(Supplied material)

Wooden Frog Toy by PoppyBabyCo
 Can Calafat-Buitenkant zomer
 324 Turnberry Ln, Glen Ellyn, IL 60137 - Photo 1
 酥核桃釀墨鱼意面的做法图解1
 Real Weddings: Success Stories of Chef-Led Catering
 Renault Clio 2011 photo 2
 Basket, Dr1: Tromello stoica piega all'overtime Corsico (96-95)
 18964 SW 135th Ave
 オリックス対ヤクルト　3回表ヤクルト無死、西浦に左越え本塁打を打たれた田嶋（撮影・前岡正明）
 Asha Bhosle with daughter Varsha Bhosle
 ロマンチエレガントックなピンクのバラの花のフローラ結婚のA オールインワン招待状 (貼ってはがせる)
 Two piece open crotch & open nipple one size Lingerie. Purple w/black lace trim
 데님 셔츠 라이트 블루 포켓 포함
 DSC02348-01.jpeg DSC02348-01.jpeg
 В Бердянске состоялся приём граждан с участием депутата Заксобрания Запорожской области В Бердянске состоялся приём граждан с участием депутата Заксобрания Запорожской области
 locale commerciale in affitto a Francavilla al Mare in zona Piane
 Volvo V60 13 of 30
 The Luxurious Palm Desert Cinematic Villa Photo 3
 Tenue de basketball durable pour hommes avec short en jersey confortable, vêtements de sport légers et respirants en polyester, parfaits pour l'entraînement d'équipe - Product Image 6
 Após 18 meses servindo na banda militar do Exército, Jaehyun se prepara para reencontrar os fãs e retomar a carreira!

(End Supplied material)

Your instructions
Reproduce only the lines above spanning from the line containing "Real Weddings: Success" through the line containing "Tenue de basketball", word for word.

Solved problem
 Real Weddings: Success Stories of Chef-Led Catering
 Renault Clio 2011 photo 2
 Basket, Dr1: Tromello stoica piega all'overtime Corsico (96-95)
 18964 SW 135th Ave
 オリックス対ヤクルト　3回表ヤクルト無死、西浦に左越え本塁打を打たれた田嶋（撮影・前岡正明）
 Asha Bhosle with daughter Varsha Bhosle
 ロマンチエレガントックなピンクのバラの花のフローラ結婚のA オールインワン招待状 (貼ってはがせる)
 Two piece open crotch & open nipple one size Lingerie. Purple w/black lace trim
 데님 셔츠 라이트 블루 포켓 포함
 DSC02348-01.jpeg DSC02348-01.jpeg
 В Бердянске состоялся приём граждан с участием депутата Заксобрания Запорожской области В Бердянске состоялся приём граждан с участием депутата Заксобрания Запорожской области
 locale commerciale in affitto a Francavilla al Mare in zona Piane
 Volvo V60 13 of 30
 The Luxurious Palm Desert Cinematic Villa Photo 3
 Tenue de basketball durable pour hommes avec short en jersey confortable, vêtements de sport légers et respirants en polyester, parfaits pour l'entraînement d'équipe - Product Image 6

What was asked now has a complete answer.